Но Иерахмиэль молчал, молчали и его руки. И где-то в бездне времени молчал Мессия. Оставив Иерахмиэля, я подошел к маленькому мальчику, которым был когда-то.
— И ты тоже осуждаешь меня? — спросил я. — Среди всех людей ты последний имеешь право на это. Тебе повезло: ты умер молодым. Оставшись в живых, ты бы очутился на моем месте.
Тогда мальчик заговорил. Тревога и тоска слышались в его голосе.
— Я не осуждаю тебя, — сказал он. — Мы собрались здесь не для того, чтобы судить. Мы пришли только потому, что ты здесь. Мы повсюду следуем за тобой, мы присутствуем при всех твоих делах. Если ты возводишь глаза к небесам, мы смотрим вместе с тобой. Если ты гладишь по голове голодного ребенка, тысяча рук ложится на его голову. Когда ты протягиваешь нищему кусок хлеба, то это мы даем ему почувствовать вкус рая, который умеют ценить только бедняки. Почему мы молчим? Потому что мы не только живем в молчании, но оно составляет суть нашего бытия. Мы и есть молчание. А твое молчание принадлежит нам. Ты несешь нас с собой. Иногда ты можешь нас увидеть, но обычно мы остаемся невидимыми. Когда ты видишь нас, тебе кажется, что мы пришли судить тебя. Но ты ошибаешься. Тебя судит твое молчание.

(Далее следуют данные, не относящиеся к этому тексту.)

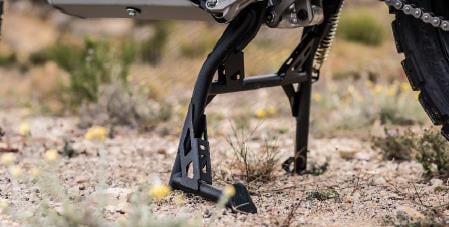 TENERE 700 ORTA SEHPA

Внезапно моей руки коснулась рука нищего. Я обернулся и увидел, что он стоит у меня за спиной. Я знал, что он вовсе не Ангел Смерти, а пророк Элиягу.
— Я слышу шаги Гада, — сказал нищий. — Он поднимается вверх по лестнице.
— Я слышу шаги Гада, — сказала Илана. — Он поднимается вверх по лестнице.
Не спеша, безучастно глядя перед собой, Гад вошел в комнату. Илана бросилась ему навстречу и поцеловала его в губы, но он мягко отстранил ее.
— Ты так долго пробыл внизу, — сказала она. — Что тебя задержало?
Жестокая, печальная усмешка исказила лицо Гада.
— Ничего, — ответил он. — Я смотрел, как он ел.
— Он ел? — изумленно спросил я. — Ты хочешь сказать, что он мог есть?
— Да, он ел, — сказал Гад, — и с неплохим аппетитом.
Я ничего не понимал.
— Что? — воскликнул я, — он еще и был голоден?
— Я не говорил, что он голоден, — возразил Гад. — Я сказал, что он ел с неплохим аппетитом.
— Так он не был голоден, — настаивал я.
Лицо Гада потемнело.
— Да, он не был голоден.
— Тогда зачем же он ел?
— Не знаю, — ответил Гад раздраженно. — Наверное, затем, чтобы показать мне, что он может есть даже тогда, когда не голоден.
Илана всматривалась в его лицо. Она пыталась поймать его взгляд, но Гад отводил глаза.
— А что ты делал после этого? — с трудом выговорила она.
— После чего? — отрывисто спросил Гад.
— После того, как он кончил есть.
Гад пожал плечами.
— Ничего, — сказал он.
— Как это, ничего?
— Ничего, он рассказывал мне истории.
Илана тряхнула его за руку.
— Истории? Что за истории?
Гад покорно вздохнул.
— Истории как истории, — повторил он. Ему явно надоело отвечать на вопросы, казавшиеся ему нелепыми.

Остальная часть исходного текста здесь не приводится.